A ver, no todas las personas discas nos conocemos. Así que dejá de nombrarme a gente que no conozco. Es como acto reflejo, un tic que tienen algunas personas en buscar compararme o vincularme con otras que están en silla de ruedas, o simplemente porque somos discas. De antemano les aclaro que no formo parte de un club social o una asociación de amigxs disca.


Apenas me accidenté, tanto yo como el resto de las personas que me visitaban o acompañaban en rehabilitación, no sabíamos cómo sería vivir siendo disca. Entonces en el manual de uso del sentido común, las personas agradablemente buscaban la forma de lidiar con esos conflictos mediante la comparación. Es por eso que me relacionaban con el pibe que se quebró esquiando, con la vecina que hacía deporte acuático o con el actor que se cayó del caballo. Y así. Siempre hay un primo, un hijo o un hermano que pasó por algo parecido. “Parecido”, entre comillas. Aunque, por lo general, en más de una ocasión me asocian con personas que no tienen nada que ver con mi tipo de lesión medular. Es entendible. Creo que a mí también me pasaría. Ni yo ni el resto de las personas tenemos que saber qué tipo de discapacidad tienen las personas. Es falta de información, no de empatía.

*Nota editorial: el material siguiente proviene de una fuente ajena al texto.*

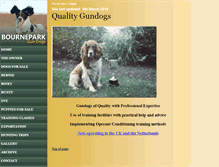 Tablet Screenshot of bourneparkgundogs.com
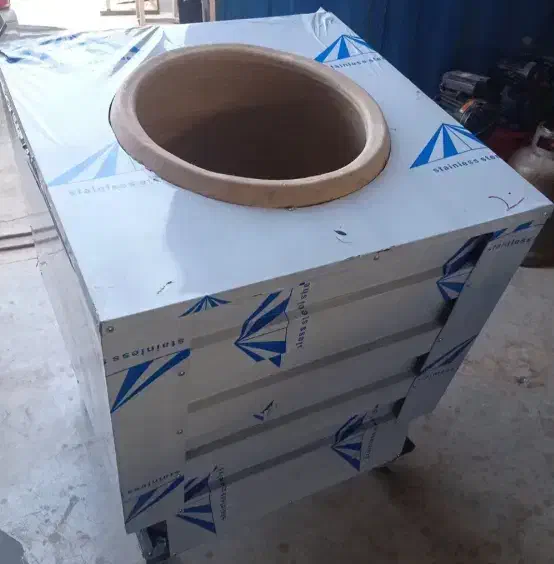 تنورگلی توسمین  تنور با دستگاه گلی sk خمیرگیر mosk|اجاق گاز و لوازم برقی پخت‌وپز|اراک, |دیوار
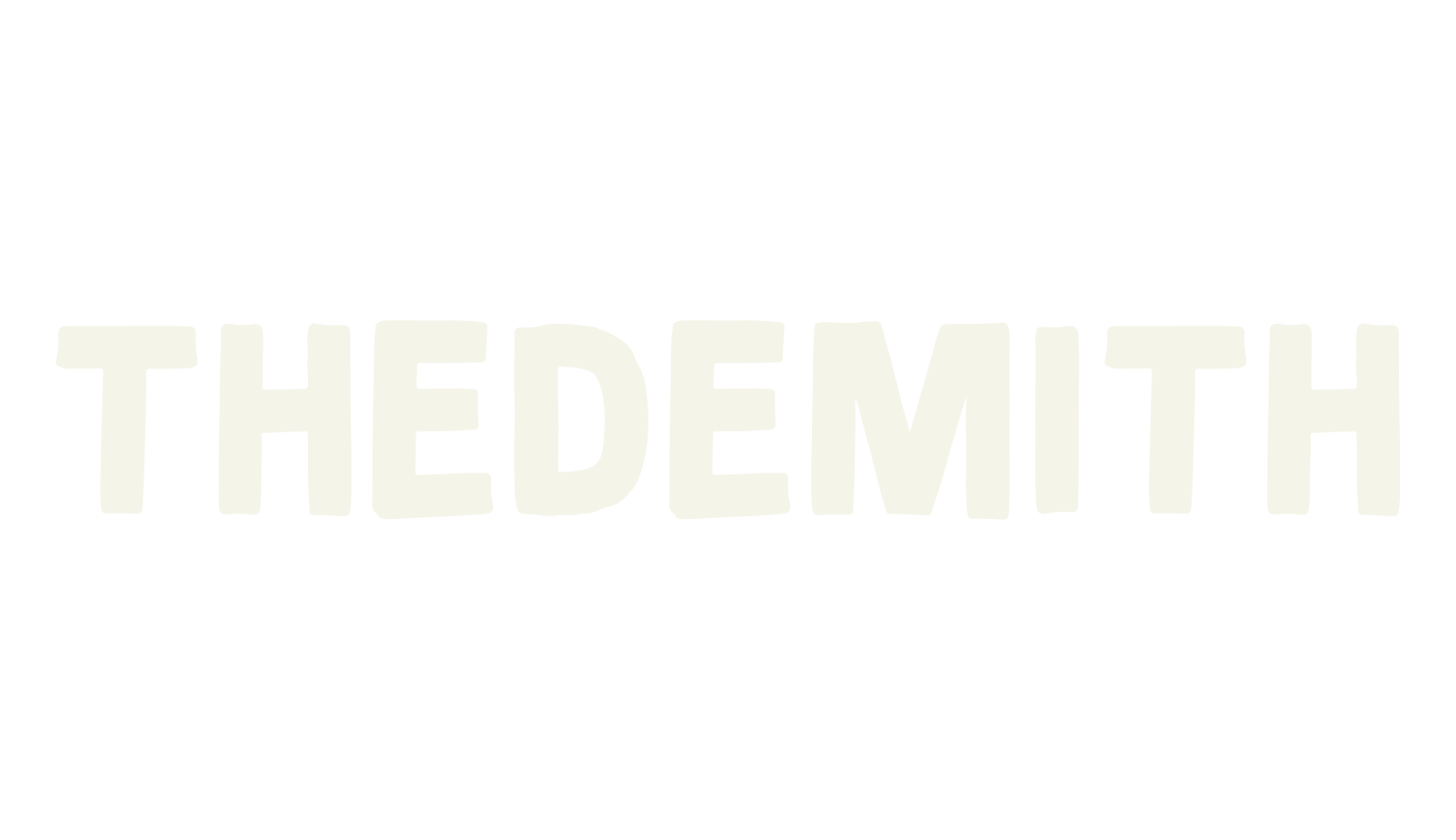 Thedemith, handwritten font preview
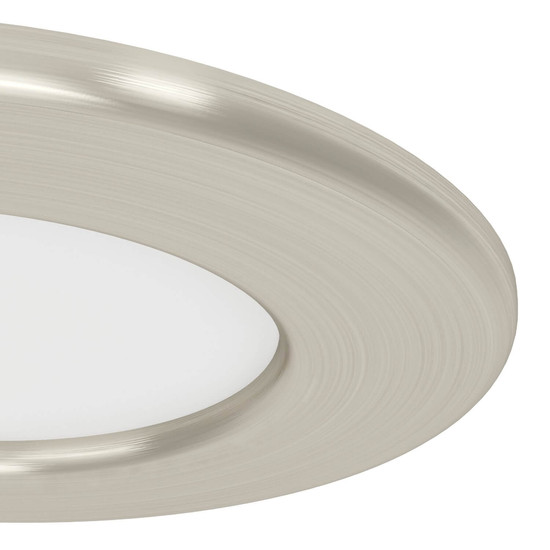 Eglo LED Einbauleuchte Fueva 6 3,7W CCT warm-/neutral-/tageslichtweiss 2700/4000/6500K Nickel-matt Ø9cm 901404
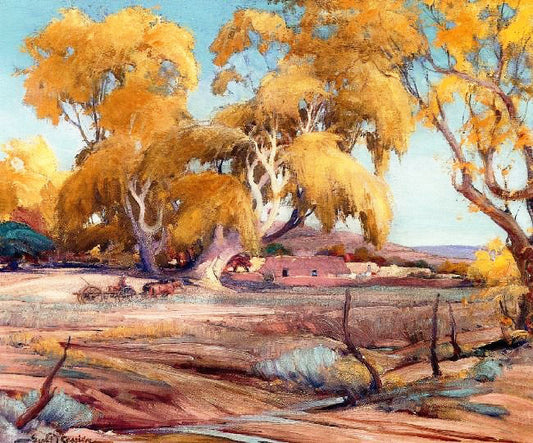 Taos Landscape by Ira Diamond Gerald Cassid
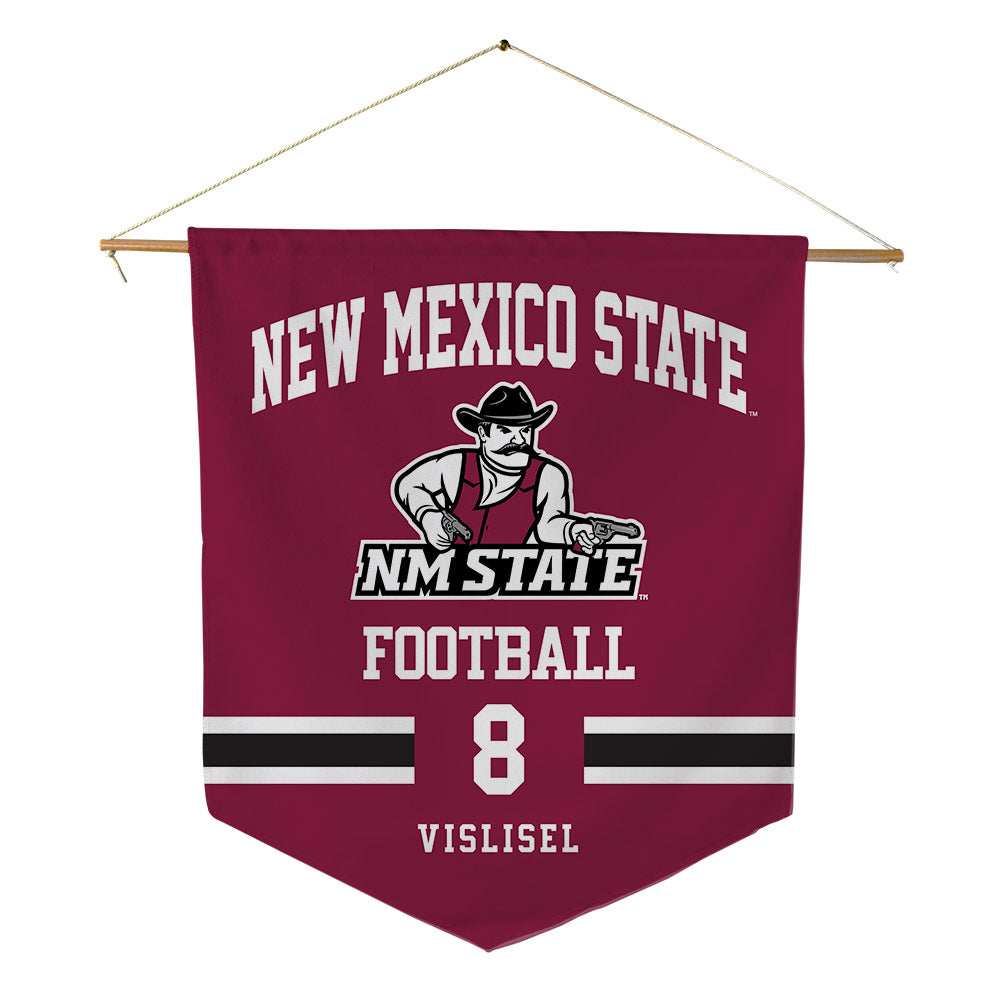 NMSU - NCAA Football : Bradley Vislisel - Pennant - 18" x 21"-0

Recuerdo que una vez me dijeron que si me mentalizada positivamente, volvería a caminar. Una situación compleja, porque pretender que mentalmente yo pueda regenerar la sustancia gris de la médula espinal y volver a caminar, es un montón. Lograrlo me daría mucho más que un premio Nobel, seguramente. Obviamente que esos millones de dólares, como premio, no me vendrían nada mal. Pero eso, lamento decir, que no sucederá.

Hay una sana costumbre que es la de creer que todas las personas discas son iguales. O que tenemos un poder especial para leernos la mente. Y la más recurrente, la de creer que todas las personas discas nos conocemos. Es como un chip que tiene la humanidad de querer agrupar todo: por género, por gusto, por sexo, por edad, por raza, por todo. Por cualquier cosa, la humanidad necesita unificarlo, sistematizarlo. Pero la pregunta es: ¿las personas discas somos iguales? Pues no.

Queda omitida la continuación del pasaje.